The show is all about flow: Picasso partakes as an equal of the classical world’s rarefied calm. The paintings and drawings hold up well when placed side by side with something like the extraordinary Attic Black-Figure Hydria (515-510 B.C.) or a marble bust portraying the head of a veiled woman (fourth century B.C.). That’s pretty amazing.

There are numerous other Picassos of great beauty on view, including the ineffable and tender L’Entretien (1923) and the homoerotic Trois Baigneurs (1921), with its adroit contrasts of mass and line. Best of all is Bathers (1920), which pays homage to Egypt and Pompeii, while simultaneously partaking of a disquieting, decidedly modern artificiality. Would that it, too, were a New York museum staple. Do you think MoMA will peddle its cache of Warhols, Naumans and Richters in order to spring for it? I don’t think so, either.

Picasso: The Classical Period is at C & M Arts, 45 East 78th Street, until Dec. 6.

Incessant Frivolity

How much pleasure you derive from The Drawings of François Boucher , an exhibition at the Frick Collection, will likely depend on your taste for 18th-century French art. I have a hard time stomaching the stuff: All feathery rhythms and incessant frivolity, the Fragonard Room is the only gallery at the Frick I sprint through.

Boucher’s drawings are rescued from the extravagant superficiality typical of the period by the directness of the medium and a nuanced, knowing hand-Boucher’s command of the human form is never in doubt. Even so, the touch can get clumpy, particularly when he’s delineating darker values, and Boucher’s prized eroticism loses its spice when he plays to the crowd. Recumbent Female Nude (1742-43) never completely seduces, because showmanship upstages its risqué charms.

Not every artist has to plumb the depths of the soul, but there should be more to art than a mere pleasing facility. Only in The Purification (circa 1769-70) does Boucher summon more than a veneer of feeling and-not coincidentally-employ strong tonal accents to convincing pictorial effect.

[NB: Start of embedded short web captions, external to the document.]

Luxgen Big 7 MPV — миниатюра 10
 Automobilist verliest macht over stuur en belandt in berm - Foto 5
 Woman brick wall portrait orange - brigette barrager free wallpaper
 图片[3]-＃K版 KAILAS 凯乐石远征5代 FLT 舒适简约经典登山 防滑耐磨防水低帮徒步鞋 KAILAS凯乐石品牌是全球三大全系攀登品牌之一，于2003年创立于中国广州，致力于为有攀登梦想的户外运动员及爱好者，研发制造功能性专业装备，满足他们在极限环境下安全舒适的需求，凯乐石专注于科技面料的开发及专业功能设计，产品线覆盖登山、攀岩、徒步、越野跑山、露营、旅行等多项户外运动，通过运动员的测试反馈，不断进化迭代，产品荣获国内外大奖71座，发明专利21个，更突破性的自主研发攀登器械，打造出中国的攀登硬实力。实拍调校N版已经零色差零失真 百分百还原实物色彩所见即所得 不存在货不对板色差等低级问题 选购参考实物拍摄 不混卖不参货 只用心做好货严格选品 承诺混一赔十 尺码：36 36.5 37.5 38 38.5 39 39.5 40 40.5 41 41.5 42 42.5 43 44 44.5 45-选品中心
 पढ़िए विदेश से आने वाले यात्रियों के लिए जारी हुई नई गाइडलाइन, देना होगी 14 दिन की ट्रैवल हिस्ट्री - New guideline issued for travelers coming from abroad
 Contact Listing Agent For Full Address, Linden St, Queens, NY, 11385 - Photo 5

The Drawings of François Boucher is at the Frick Collection, 1 East 70th Street, until Dec. 14.

Sublime Straitjacket

There isn’t a single bad painting in Hudson River School Visions: The Landscapes of Sanford R. Gifford , an exhibition at the Metropolitan Museum of Art, and there are a few masterworks as well. The Wilderness (1860) is a stunning, all but impossible shifting of high, thin tonalities. The Marshes of the Hudson (1876) is a tour de force -just try pulling apart its seamless amalgam of unnamable colors. The almost monochrome An Indian Summer’s Day on the Hudson-Tappan Zee (1868) is like a summation of the Hudson River School’s virtues: dedication to the glories of nature, to light and, by extension, to America itself. (Gifford also painted scenes from his travels in Europe and the Middle East.)

Having said all that, by the time you reach the midpoint of the show, you’ll have had your fill of Sanford Gifford (1823-1880), who’s something of a one-trick pony. The sublime ultimately became his straitjacket: His mature response to the landscape never intensified or grew in pictorial invention. An exhibition of 70 paintings almost buries him; half that many would’ve been twice as kind.

Gifford deserves a good look. If he wasn’t John Frederick Kensett or George Inness-few painters are-he’s preferable to Frederic Church and Albert Bierstadt, not to mention a slew of lesser lights tangential to the Hudson River School. Long after this show is over, you’ll remember Gifford’s name, and when you bump into one of his paintings again, you’ll know exactly why you remembered.

Hudson River School Visions: The Landscapes of Sanford R. Gifford is at the Metropolitan Museum of Art, 1000 Fifth Avenue, until Feb. 8.